R.C. Certo, c’è molta materia. E Maria Antonietta Viero, se la squaglia?
Maria Antonietta Viero Esatto. C’era una questione interessante: dove si situa la colpa, negando la differenza a sé del significante, cioè funzionando l’uno… Mi sembrava d’intendere come funziona l’enunciato: “Io no, io non posso. Qualcosa mi è vietato, non posso ammettere”. Allora, mi sembra che la struttura del desiderio comporti l’inganno, l’inganno delle immagini che diventano “fatuate”, per cui probabilmente traggono con sé il ricordo che blocca lo svolgimento.

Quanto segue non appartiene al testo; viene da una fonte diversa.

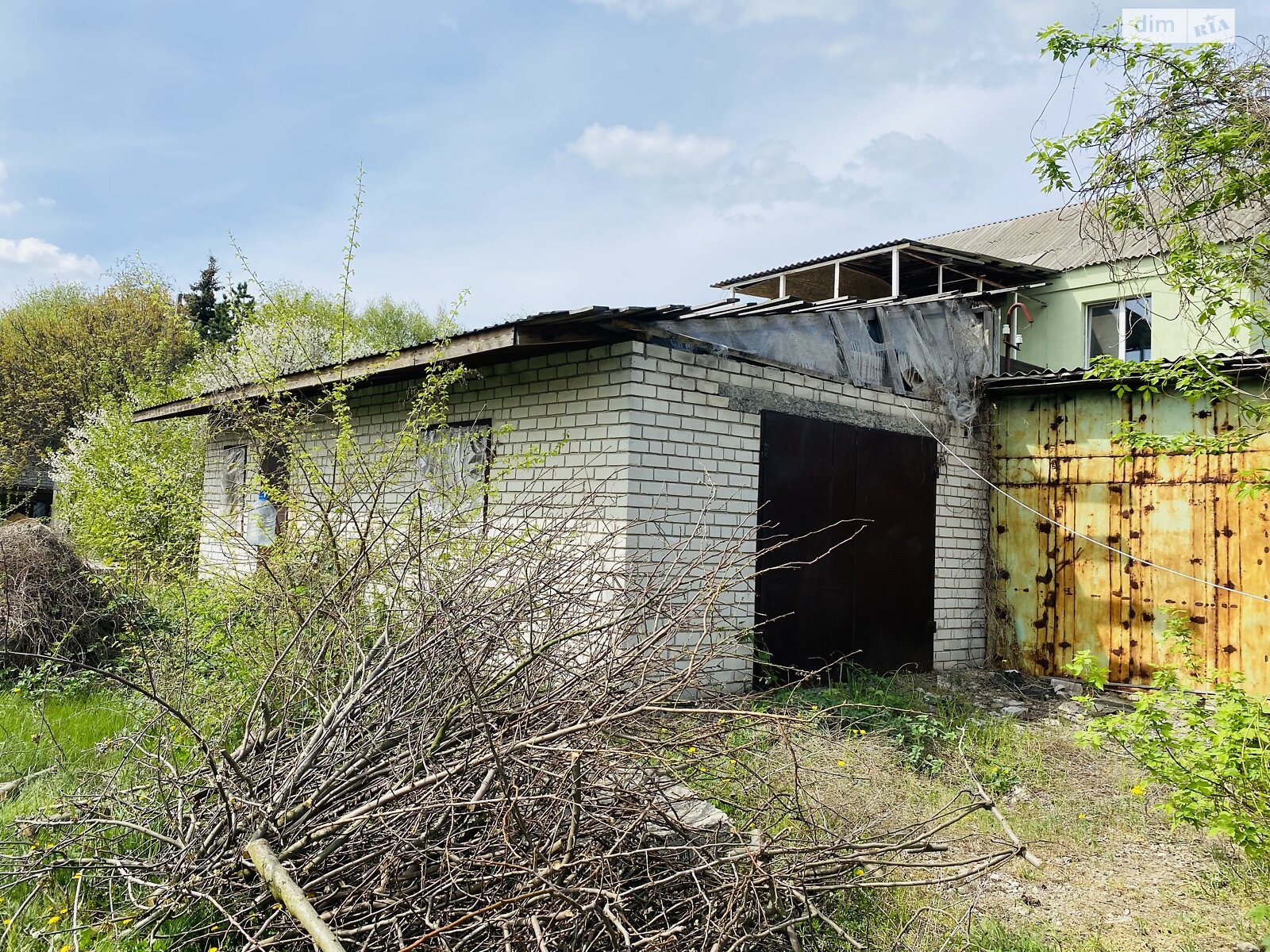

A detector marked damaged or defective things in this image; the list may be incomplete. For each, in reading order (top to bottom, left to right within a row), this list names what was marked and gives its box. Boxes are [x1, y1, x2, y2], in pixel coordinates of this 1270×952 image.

rust stain on metal [991, 388, 1270, 695]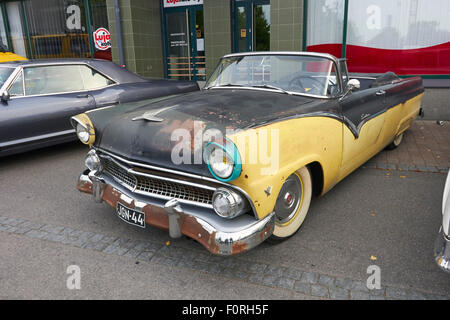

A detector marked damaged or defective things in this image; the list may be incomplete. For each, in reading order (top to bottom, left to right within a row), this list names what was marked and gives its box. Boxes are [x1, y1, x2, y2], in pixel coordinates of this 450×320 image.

rusty car hood [91, 89, 330, 176]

R.C. Se non c’è l’analisi.
M.A.V. Sì, sì, certo, in una fantasmatica. Allora pensavo…
R.C. In un fantasmatica materna che tolga l’originario e che stabilisca invece origine e fine.
M.A.V. Ma si capisce anche, così svolgendo, come il principio di origine comporti, come si può dire, l’idea della vendetta, perché… insomma, ci sarebbe da dilungarsi un po’ su questo. Poi stavo pensando a quando c’è l’occasione per osare la restituzione di un’esperienza, e quindi dissolvere l’idea della colpa: l’assoluzione esige l’analisi. Pensavo che si osa il passo più lungo della gamba, perché ci si trova nel rischio, altrimenti la vita non ti dà l’occasione di dissolvere il fantasma materno. Quindi, c’è la ricerca, c’è la scrittura, la lettura e lì molte fantasie trovano motivo di analisi.
R.C. Occorre non disgiungere la ricerca dall’impresa, occorre non separare la ricerca che è sintattica e frastica dall’impresa che è pragmatica, cioè non si tratta di accontentarsi di studiare. Lo studium sarebbe questo: isolare il funzionamento della rimozione e della resistenza, e quindi la struttura sintattica e frastica, dal funzionamento dell’Altro e dalla struttura pragmatica.
M.A.V. Sarebbe la messa in opera per così dire, invece del fare.
R.C. Sì, il fare è la struttura dell’Altro. Non si possono scindere queste strutture, però la mentalità cosa prescrive? Che prima bisogna studiare e poi fare, oppure che si può studiare senza fare, oppure che si può fare ricerca e accontentarsi senza il risvolto pragmatico. Tutto ciò è problematico: nella parola c’è la simultaneità del tre, quindi c’è simultaneità fra ricerca e impresa. Se la simultaneità è tolta, c’è soggettività, c’è una presa fantasmatica, c’è l’idea della fine del tempo, c’è l’idea di sé. È istantaneo.
La padronanza è l’esercizio della presunta facoltà di decidere come, cosa, quanto, quando, se. Questo è materiale per l’analisi. La parola è messa in attesa da questa soggettività, è chiaro? La parola è messa in attesa perché è assunto il discorso di padronanza.
M.A.V. Padronanza e sapere.
R.C. ovvero il principio di conoscenza. Il materiale da svolgere è ancora ricchissimo, e a questo noi ci rivolgiamo con la prossima serie di appuntamenti. Grazie e arrivederci.